Start of Data excerpt

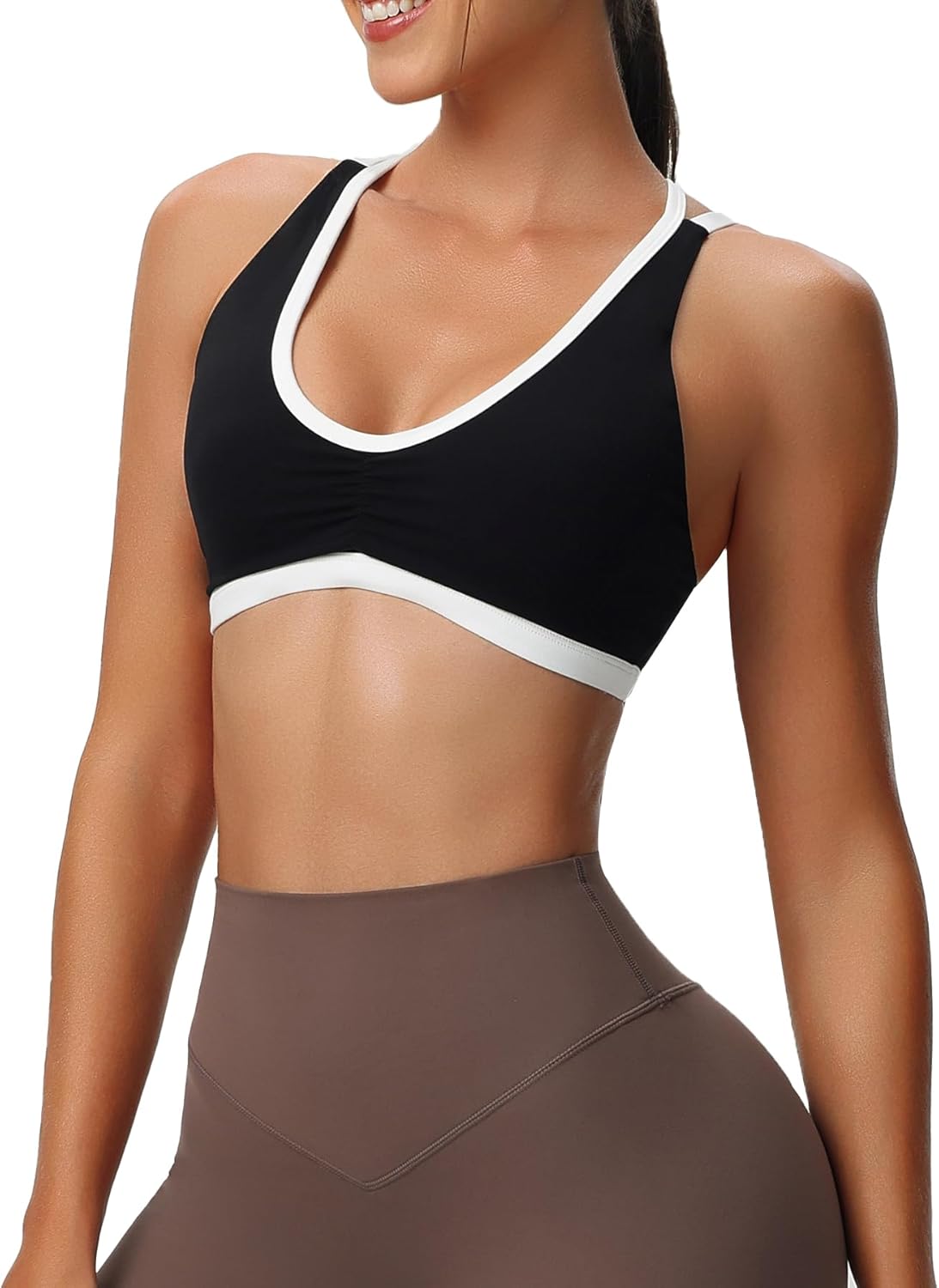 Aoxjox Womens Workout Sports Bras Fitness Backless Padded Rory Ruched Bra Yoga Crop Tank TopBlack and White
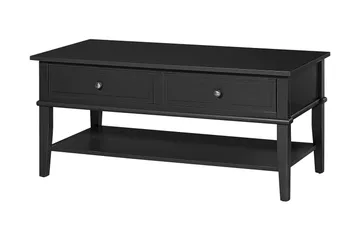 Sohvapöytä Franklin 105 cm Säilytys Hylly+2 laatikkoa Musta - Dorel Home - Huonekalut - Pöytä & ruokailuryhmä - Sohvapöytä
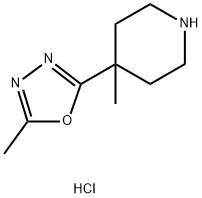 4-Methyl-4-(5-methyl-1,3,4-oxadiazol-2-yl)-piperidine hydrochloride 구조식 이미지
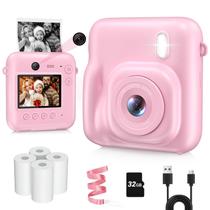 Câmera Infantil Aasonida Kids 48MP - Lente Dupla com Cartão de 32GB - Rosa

End of Data excerpt

**Aim of the exercise**
Write out exactly, and only, the lines running from the line with "Sohvapöytä Franklin 105" to the last line above, both included, with all pictures omitted.

**Solution below**
 Sohvapöytä Franklin 105 cm Säilytys Hylly+2 laatikkoa Musta - Dorel Home - Huonekalut - Pöytä & ruokailuryhmä - Sohvapöytä
 4-Methyl-4-(5-methyl-1,3,4-oxadiazol-2-yl)-piperidine hydrochloride 구조식 이미지
 Câmera Infantil Aasonida Kids 48MP - Lente Dupla com Cartão de 32GB - Rosa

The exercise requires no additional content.